Looking for a mantra

What am I looking for?

Too many things.

I want to be the farmer, the lover, the writer, the laborer, the wanderer.

I once read about how being overwhelmed with possibility is just a way to avoid actual action. If you attempt nothing, the possibilities are endless, limitless. By never making a choice, you never fail at any of the things that you imagine you could do. The groundless dream is always intact. Then again, you fail by default, never having achieved.

M.-L. Von Franz calls it an identification with the puer aeternus image in his The Problem of the Puer Aeternus:

"...there is always the fantasy that sometime in the future the real thing will come about. If this attitude is prolonged, it means a constant inner refusal to commit oneself to the moment. With this there is often, to a smaller or greater extent, a saviour complex, or a Messiah complex, with the secret thought that one day one will be able to save the world; the last word in philosophy, or religion, or politics, or art, or something else, will be found. This can go so far as to be a typical pathological megalomania, or there may be minor traces of it in the idea that one's time 'has not yet come.' The one thing dreaded throughout by such a type of man is to be bound to anything whatever. There is a terrific fear of being pinned down, of entering space and time completely, and of being the one human being that one is." (Ego and Archetype, by Edward F. Edinger, page 14)

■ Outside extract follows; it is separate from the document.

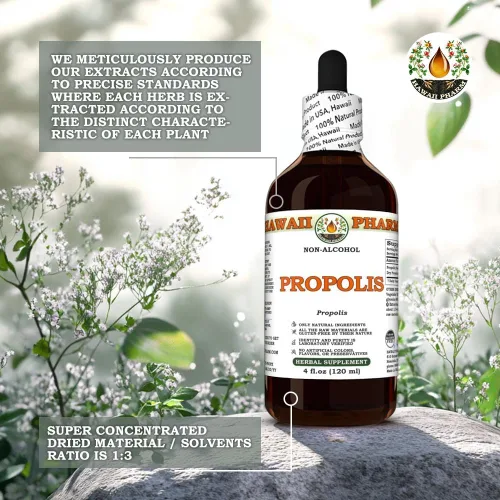 Miniatura 5 de Glicerita de propóleo, fabricado en Hawaii, totalmente natural, vegano, probado en laboratorio, extracto líquido sin alcohol - 4 onzas líquidas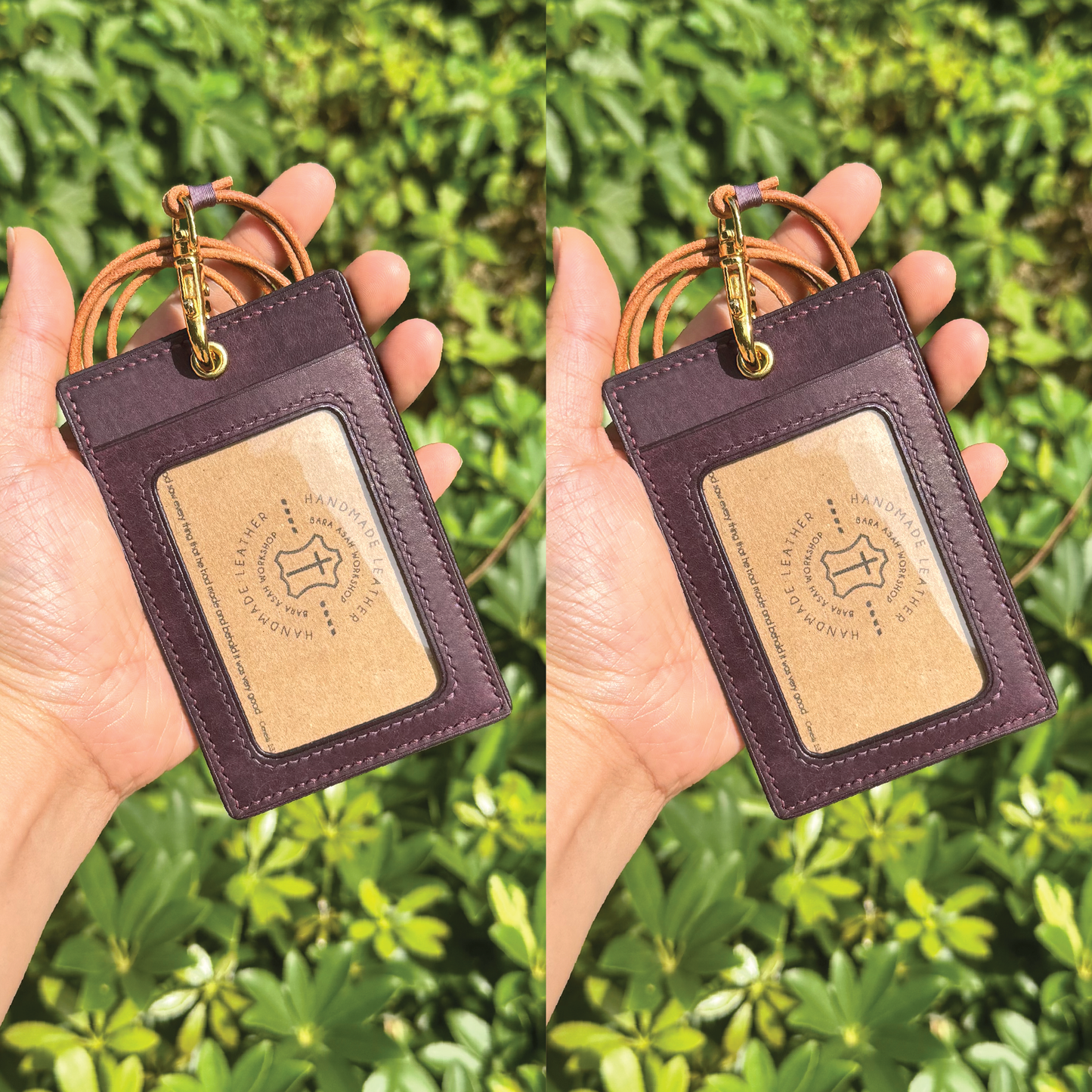 Pueblo Leather | ID Cardholder with Lanyard | 2 Photo Slots | 磨砂牛皮系列 | 掛頸職員卡套 | 兩相格款式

This puer aeternus idea is the idea that "to be something in reality," a person "must give up everything in potentia." By choosing something to dedicate yourself to, some trait to fully cultivate, you are giving up all those endless possibilities, all those untainted fancies. But never committing also means that you are someone who "never brings any reality to birth."

This is a such human quality, a weird combination of fear of failure and delusions of grandeur. I see it in myself, as I'm sure many others do. But it is deeply frustrating, and it makes me wish for that one simple thing, for painstaking hours of labor to lead to a single accomplishment. That one piece of fruit or that one carved fragment would feel more pure and whole than years and years of dreams and ideals, no matter how pretty.

Does it matter what that one simple thing is? Is it more important to just choose it, and cultivate, and live in patience and silence and hard work? Or should we wait for the right moment, the right cause, the right fit? Maybe there is no way to know the right fit, just the pressure of our own push, the contented weariness of actual work.